What should a pt be told about vaginal pessaries before consenting to have one?
- May need repeated fittings
- May affect sexual intercourse
- Needs changing every 6 months
- Some complications
What are the complications associated with vaginal pessaries?
- Bleeding
- Discharge
- Difficult to remove
- Expelled
- Fistula formation (rare)
- Faecal impaction
- Hydronephrosis
- Infection/urosepsis
When should a pt be referred for surgical Mx of a GU prolapse?
- Conservative Rx fails
- Voiding problems or obstructed defecation
- Recurrence of prolapse after surgery
- Ulceration
- Irreducible prolapse
What are the surgical options for bladder/urethral prolapse?
Anterior colporrhaphy (anterior vaginal wall repair)
Colposuspension
What are the surgical options for uterine prolapse?
Hysterectomy
Sacrocolpoplexy (good if woman wants to keep uterus)
Sacrospinus fixation
What are the surgical options for rectal prolapse?
Posterior colporrhaphy
What are the complications associated with GU prolapse?
General: -Infection -Ulceration Urinary incontinence, chronic retention, recurrent UTIs. Bowel dysfunction.
What are recurrent UTIs generally considered to be?
UTI occuring twice in 6 months, or 3 times in a year.
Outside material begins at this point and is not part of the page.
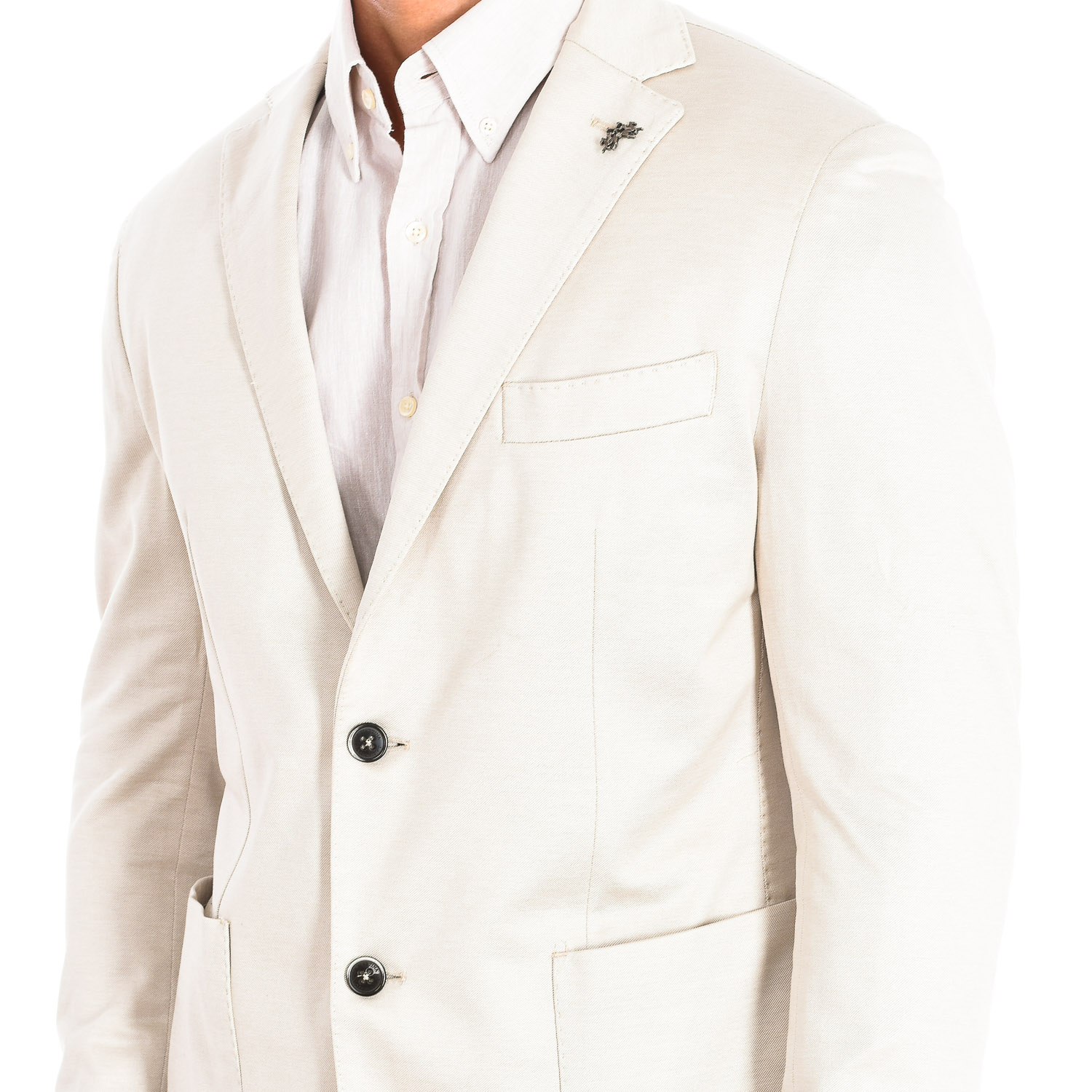 Långärmad blazer med normal passform PMJA01-JS238 man 2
These should be proven episodes.
Who is affected by UTIs?
Everyone, but women mostly.
1 in 2 lifetime risk of UTI in a woman, and risk increases with age.
Which organism is usually responsible for a UTI?
E. coli
Other than E. coli, which organisms cause UTIs (mostly)?
Staphylococcus saprophyticus
Proteus mirabilis
What might predispose someone to having recurrent UTIs?
Diabetes Sexual intercourse Atrophic urethritis/vaginitis Abnormal urinary tract (congenital or iatrogenic e.g. catheter) Incomplete bladder emptying Contraception Urinary tract surgery Immune compromise First UTI under age 15 Hx of recurrent UTIs in mother
What are the symptoms of UTIs?
Dysuria Frequency Urgency Nocturia Haematuria Supra-pubic pain
What are the signs of a UTI?
Suprepublic tenderness
Cloudy and/or foul smelling urine
Incontinence/confusion/anorexia/fever/shock in elderly
Why is an MSU needed in Ix of recurrent UTIs?
Because resistant organisms are more likely so they need to be cultured to see which abx work best.
What would prompt you to refer a woman with recurrent UTIs to secondary care?
Underlying high risk factors for UTI
Cultures show multiresistant organisms
Pneumaturia/faecaluria/haematuria
How can we detect structural abnormalities causing recurrent UTIs?
CT scan, but can also use ultrasound as an alternative
How does antibiotic therapy differ in recurrent UTIs with underlying athology?
Treat for 5-10 days insetaed of 3-5.
Consider anticipatory prescribing for future episodes.
What does prophylaxis for recurrent UTIs depend on?
If it is related to sexual intercourse or not.
If it isn’t, 6/12 course of low-dose nitrofurantoin/trimethoprim.
If it is, change contraceptive measure, suggest use of lubricant, offer 100mg trimethoprim to be taken within 2 hours of sexual intercourse.